Energy and mining stocks will likely pressure the TSX at the open as the August crude contract on the New York Mercantile Exchange fell $1.80 to US$76.45 a barrel.

Also depressing crude prices were signs Tropical Storm Alex would likely miss most of the rigs in the Gulf of Mexico, leaving supplies uninterrupted.

The July copper contract on the Nymex lost nine cents to US$2.98 a pound while the August bullion contract faded $4.30 to US$1,234.30 an ounce.

Fears that a global rebound is weakening appear to have spread to American consumers as well.
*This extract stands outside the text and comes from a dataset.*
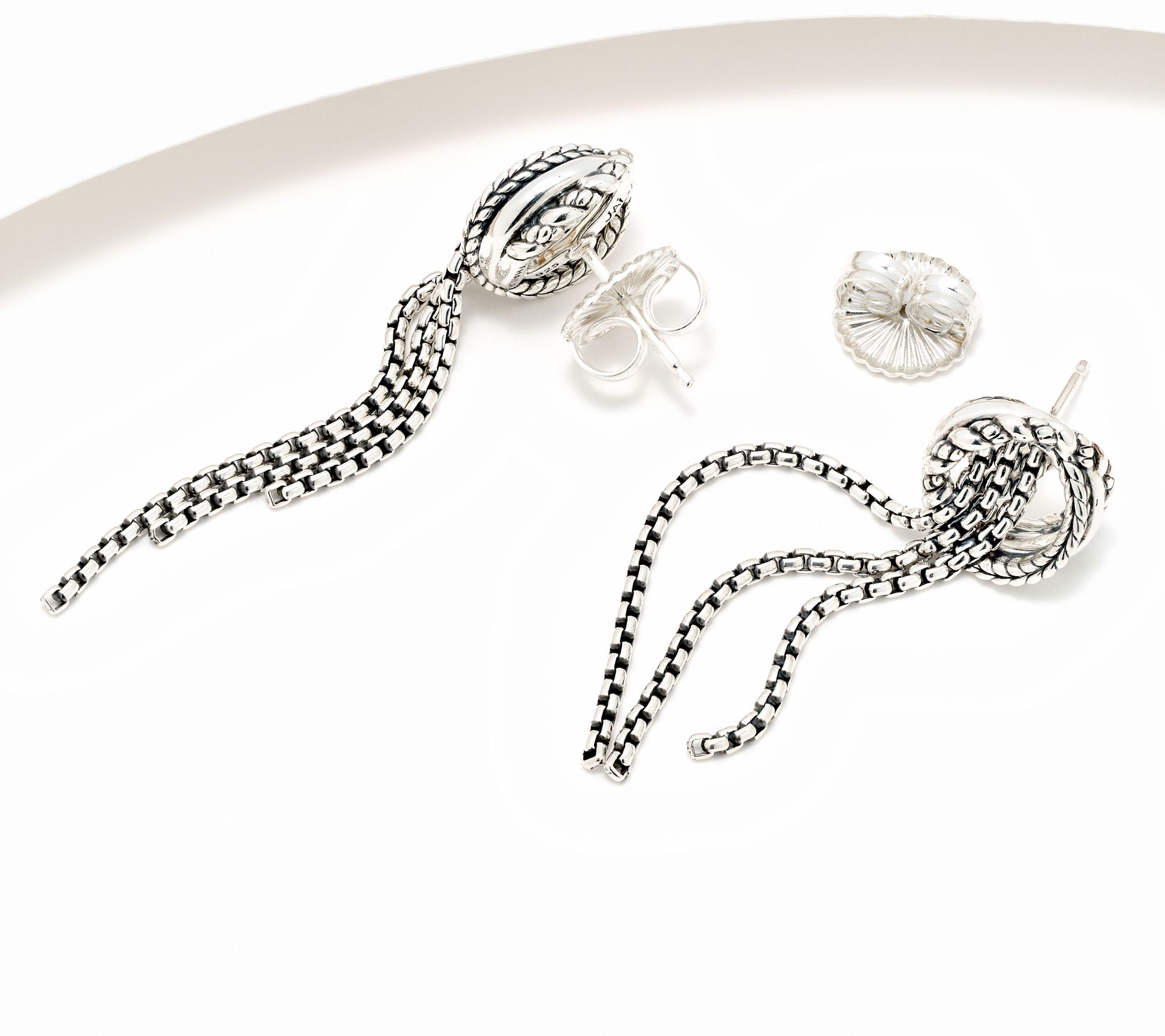 JAI Sterling Silver 1.6mm Box Chain Drop Earrings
A report due out Tuesday on U.S. consumer confidence is expected to show a decline in June after three straight months of gains.

Economists polled by Thomson Reuters forecast the Conference Board’s consumer confidence index fell to 62.8 from 63.3 last month.

On top of fresh worries about China, European investors were cautious ahead of bank repayments of 442 billion euros in credits to the European Central bank later this week as well as debt auctions in France and Spain.

Such factors were making the euro “the currency market’s whipping boy,” said CMC Markets analyst Michael Hewson.

The euro was trading down at US$1.2198 from US$1.2275.

Britain’s FTSE 100 stock index was down 2.28%, while Germany’s DAX was 2.35% lower and France’s CAC-40 was down 2.72%.

The losses came amid a shutdown of Greek public services as workers walked off the job in a new nationwide general strike protesting austerity measures to reduce the country’s yawning debt — a problem afflicting a slew of European nations.

In Asia, the Shanghai Composite Index dived 4.3% to a 14-month low while Japan’s benchmark Nikkei 225 stock index lost 1.3% and Hong Kong’s Hang Seng retreated 2.3%.

In corporate news, an explosion in the coal dryer has shut down Teck Resources Ltd.’s (TSX:TCK.B) Greenhills coal mine near Elkford, B.C. The company said damage to the dryer building is extensive and it’s not yet known how long the mine production will be affected.